After coming under fire for saying immigrants are “poisoning the blood of our country”, Donald Trump has rejected comparisons to Adolf Hitler, insisting he has “never read” the Nazi dictator’s book Mein Kampf .

But “it’s true that they’re destroying the blood of our country, that’s what they’re doing, they’re destroying our country,” insisted the Republican former president, a candidate for re-election in 2024, during a campaign event last Tuesday in Iowa.

Donald Trump made similar remarks about immigrants at the weekend, sparking outrage, with opponents comparing what he said to lines from Adolf Hitler in his anti-Semitic book “My Struggle”.

“They don’t like it when I say this,” the real estate mogul told supporters. “They say ‘Hitler said that,’ but in a very different way,” he continued.

And he assured: “I never read ‘O Agon Mu'”.

A group linked to Democratic President Joe Biden’s campaign uploaded to X (formerly Twitter) a montage that quotes three statements by Donald Trump that directly refer to phrases from the Nazi dictator.

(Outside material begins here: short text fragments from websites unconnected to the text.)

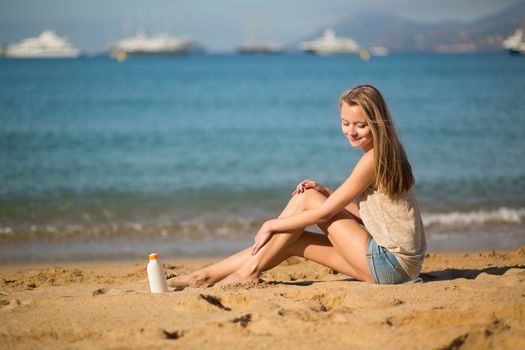 Beautiful young woman applying sunscreen on her legs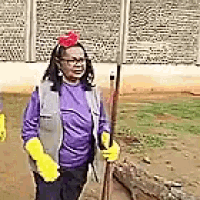 a woman in a purple shirt and yellow gloves is holding a broom in a field .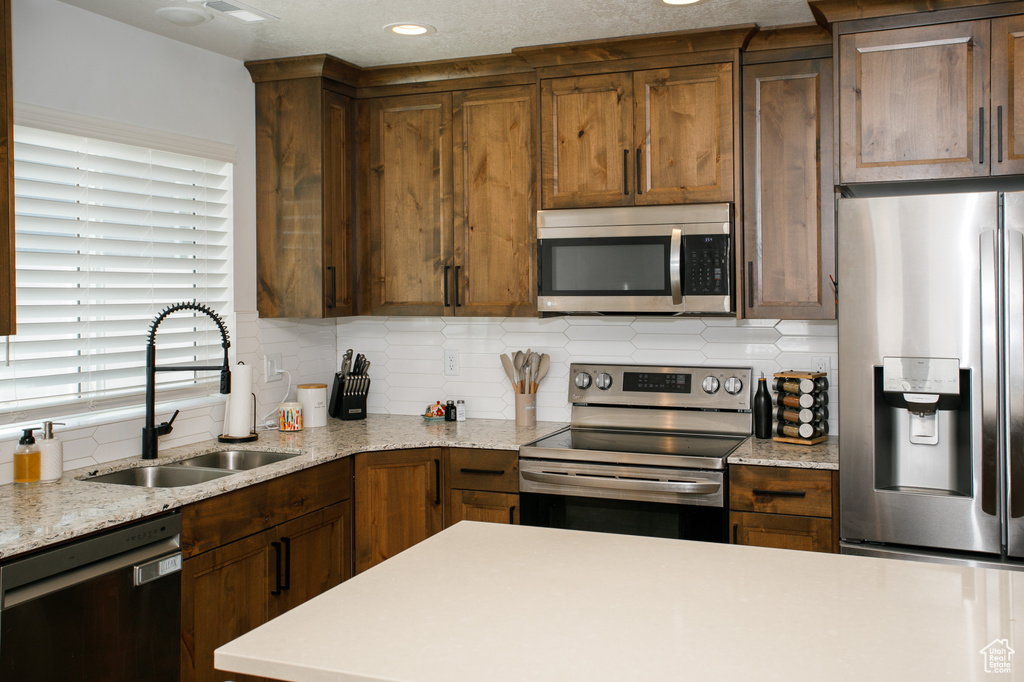 Kitchen featuring appliances with stainless steel finishes, a sink, backsplash, and recessed lighting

“This is no coincidence,” the Biden campaign team captioned.

The increasingly violent rhetoric of Donald Trump, who is ahead in the polls ahead of the Republican caucuses, is putting party officials in an extremely difficult position.

Especially Republican figures in the Senate, such as Mitch McConnell, who publicly criticized the former president’s comments yesterday.

In mid-November, Donald Trump called his political opponents “scum” and “parasites.” Joe Biden’s campaign then accused him of imitating “the authoritarian speech of Adolf Hitler and Benito Mussolini.”

In his first election campaign, in 2015, Donald Trump caused shock among others with his statements about “rape” illegal immigrants.

He promised then to erect a massive wall, 3,000 kilometers long, along the US border with Mexico, to prevent immigrants from entering the US territory. The project was never completed.